Comme de nombreux démocrates opposants à la dictature de Gnassingbé Eyadéma et du RPT, Tavio Amorin figurait sur la liste noire des militaires. Tavio Amorin avait tout juste 34 ans . Ingénieur informaticien de formation, il a fait ses études universitaires en France notamment.
On le disait extrémiste. Dans une mémorable « Lettre ouverte à Étienne Éyadéma », il concluait en ces termes : «Votre maintien nous est pénible. Nous avons mal au Togo. Mais puisque vous y êtes, tentez de jouer le rôle qui vous est dévolu. Ou dans un sursaut d’orgueil, de dignité et dans l’intérêt supérieur de la nation, DÉMISSIONNEZ !» Pourtant, il était contre la condamnation à mort d’un homme : « Quel que soit l’homme ! », clamait-il.
Des années après la mort de Tavio, ses assassins, connus des services de police, courent toujours. Le sous-brigadier Yodolou Boukpessi aurait été l’organisateur de la grève des policiers.
« Après son forfait, le gardien de la paix Karéwé se réfugie » à Lomé 2. Puis, il sera convoyé en lieu sûr parmi les siens à Pya.
«L’attentat a eu lieu le 23 juillet. Tavio est mort le 29 juillet à Paris. Le 1 septembre 1992, Boukpessi est parti toucher son chèque de fin de mois à la BTCI de Kara, alors qu’au Conseil des ministres extraordinaire du 24 juillet, le Conseil avait donné l’ordre de suspendre les émoluments de Boukpessi et Karéwé, en attenant la fin de l’enquête.»
Dès le décès de Tavio Amorin, des messages de compassion affluent à la Télévision togolaise. Celui du Parti Socialiste Français retient l’attention.

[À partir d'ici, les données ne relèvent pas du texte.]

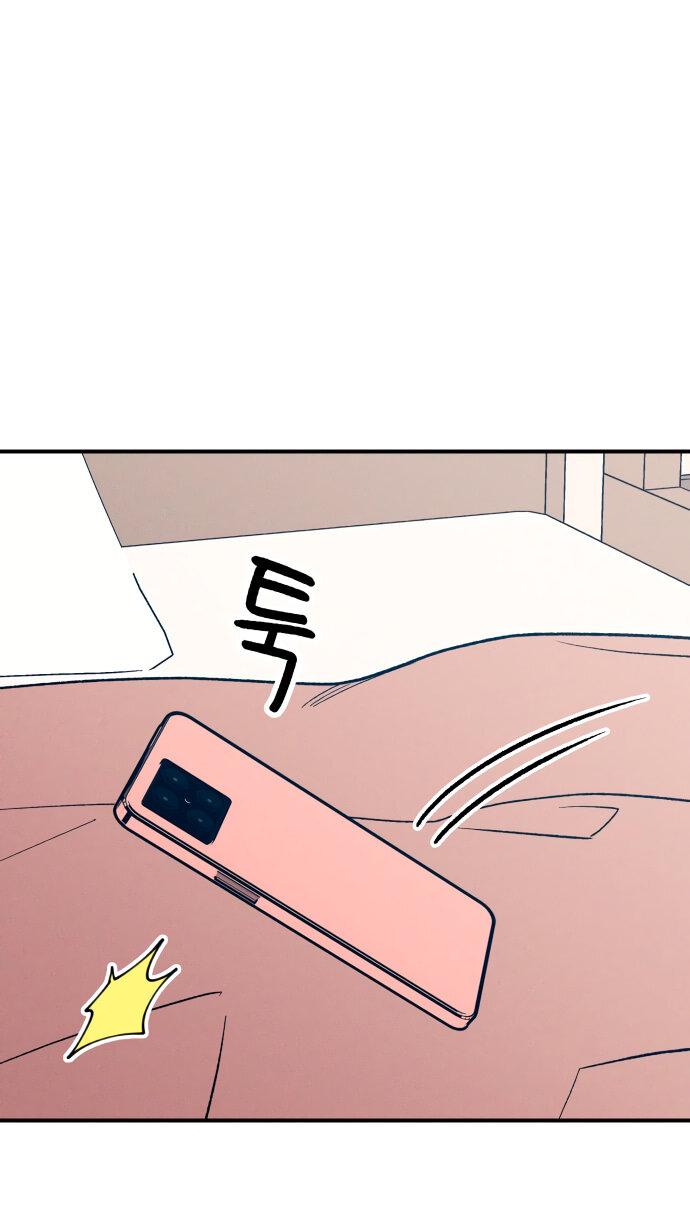 Манга Первая любовь — это ненависть - Глава 95 Страница 42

Les socialistes français exigent que toute la lumière soit faite sur cet attentat et « demandent au gouvernement français de renforcer son soutien au gouvernement de la Transition »
À l’annonce – un début de soirée – de la mort de Tavio Ayao Tobias Amorin qui s’était très vite attaché à ma chétive personne, et à qui je rendais volontiers la politesse, comme à véritable frère cadet, annonce qui sans cesse hantait mon âme, je fus subitement pris d’un terrible trouble gastrique… qui allait durer toute cette nuit-là . Oui ! Rares sont les décès qui m’ont affligé comme celui de notre immortel Tavio.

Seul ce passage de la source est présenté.